As shown below, Treasury’s consultant Ortec (in its 2021
Climate Scan Report at p.8) forecast a 37% reduction in OPERF values by 2060 under a failed transition—the path for which OPERF is currently investing.
OST’s climate investment choices, along with other public pension funds, matter considerably to their own future returns and to future retirees.
Treasury staff nevertheless ignores this substantial climate risk, and claims a history of Real Asset returns 1-2% over benchmark, presenting (at p.66) to the OIC this April an Internal Rate of Return (IRR) of 7.6% from inception of
the asset class to date. However, Treasury’s website says “IRRs SHOULD NOT be used to assess the investment success of a partnership or to compare returns across partnerships.” More accurate information on Treasury’s website shows Real Asset returns to be 4.8% from inception to date on a time-weighted basis. This 4.8% is almost 2% below benchmark.
Conclusion: An unremedied problem in Treasury’s investment culture will continue to cost PERS billions. It will also sink the Net Zero Plan for OPERF.
Treasury’s own numbers belie the contention that private equity is a high-performing asset that is worth its high risk, complexity, secrecy and illiquidity. In the past, perhaps yes, but the past is over. Experts agree that high interest rates and too much money dedicated to too many marketers from firms chasing too few deals have drastically changed the attractiveness of private equity. Simply put, Treasury management is driving private equity investment by looking in the rearview mirror.
But the problem at Treasury is more than bureaucratic inertia. Years of ingrained conduct by Treasury management and staff show they have resisted and even flouted OIC investment policy when they want. Recent news investigations pulled the curtain on a troubling and problematic investment culture in need of serious reform.

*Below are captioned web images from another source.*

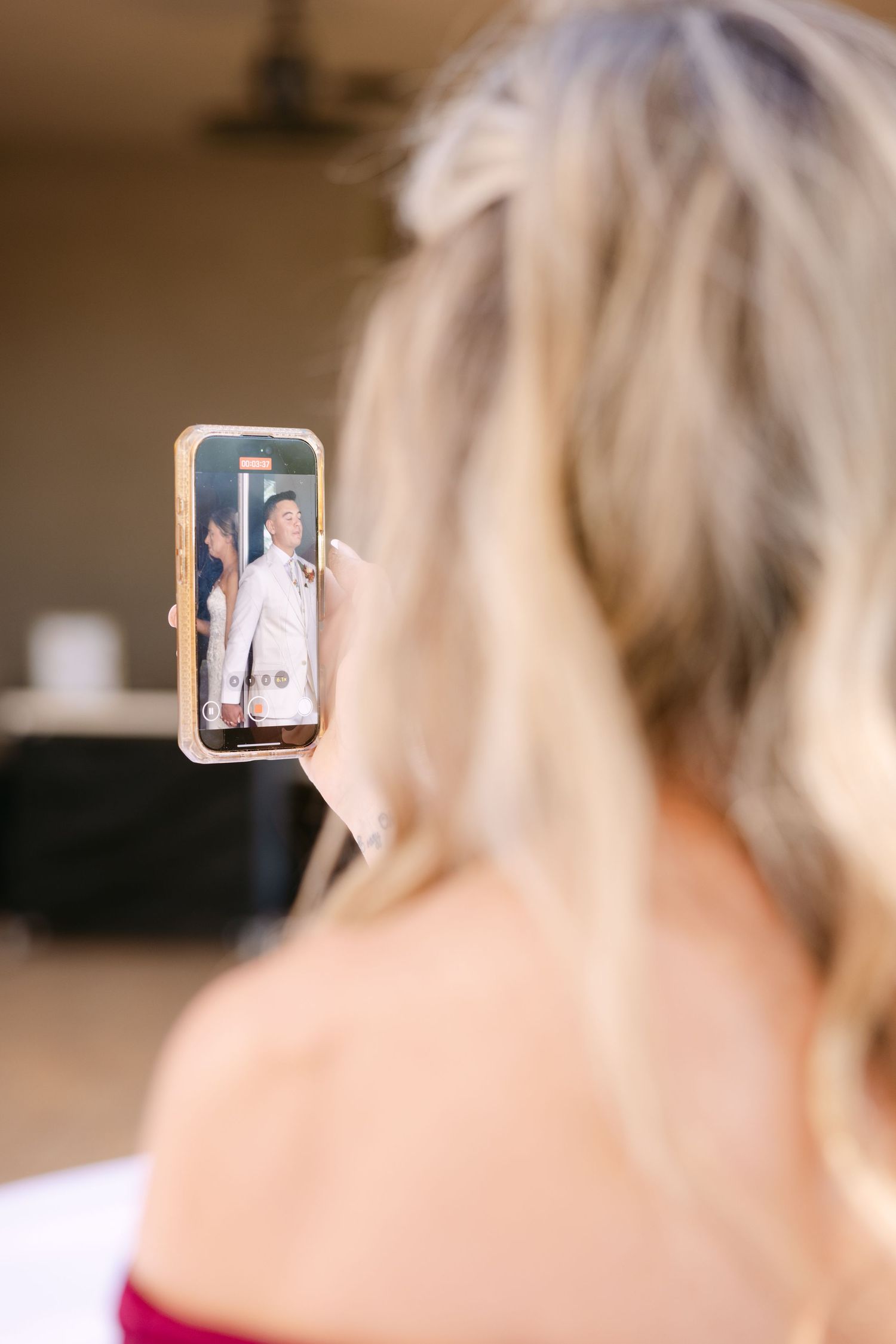A person holds up a smartphone displaying a video call screen in a home setting.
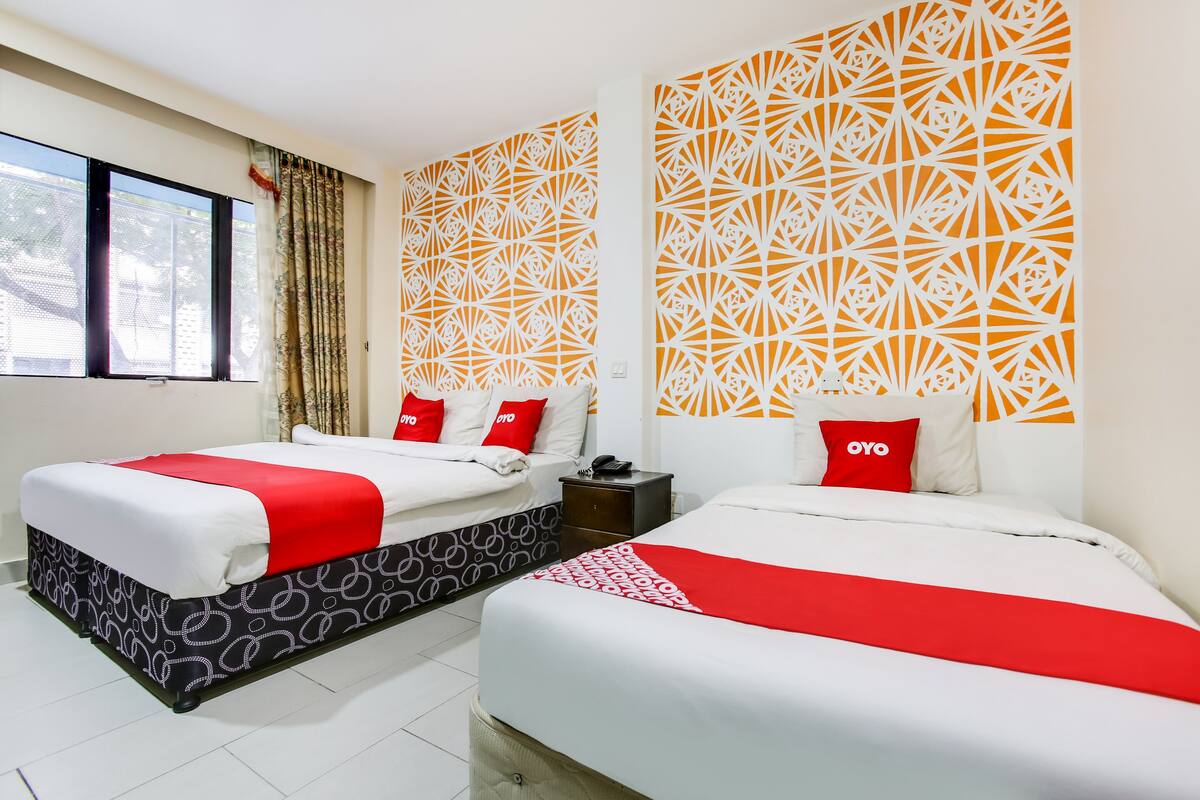 A hotel room with two beds, each with a red and white bedspread, and a patterned headboard.
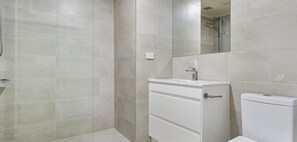 A bathroom with a shower, a sink, and a toilet. - Bright 2-bedroom apartment with AC in charming Southbank (Southbank)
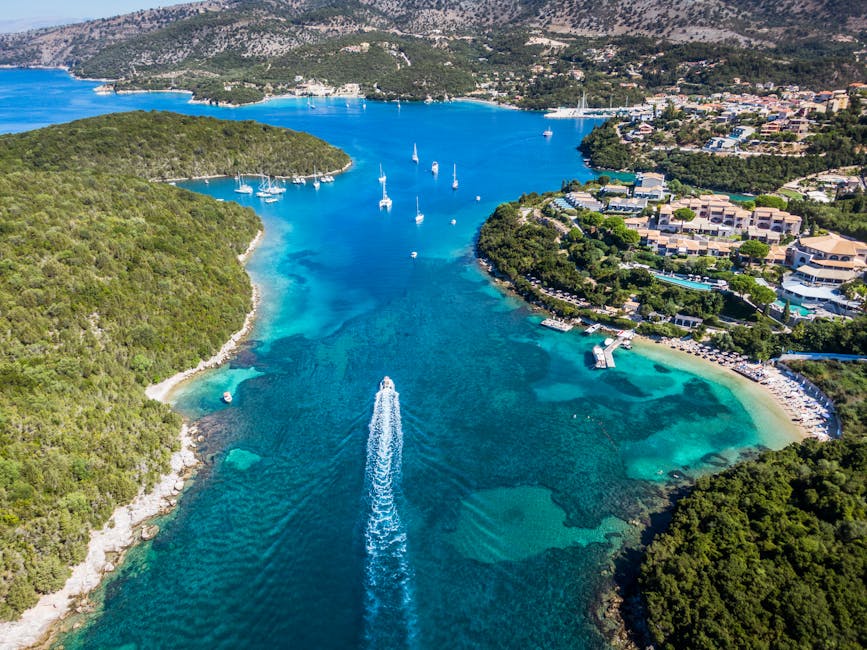 Explore the stunning aerial view of Syvota's emerald coast, with vibrant blue waters and lush landscapes.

Without reform to overcome active staff resistance to policy, PERS will not just continue to leave billions on the table. The future of the Treasurer’s Net Zero Plan, and the climate-protecting investment changes that must come from it, are in grave doubt. Prominently hanging in the balance is an end to new private investments in decades of climate-damaging fossil fuel projects and infrastructure. This was a promise made by the previous Treasurer in the Net Zero Plan, and made by the current Treasurer on the campaign trail.
It is time for those promises to show themselves in action–beginning with a complete and public examination of how and why Treasury management and staff spent the better part of the past 10 years disregarding OIC policy on private equity investing.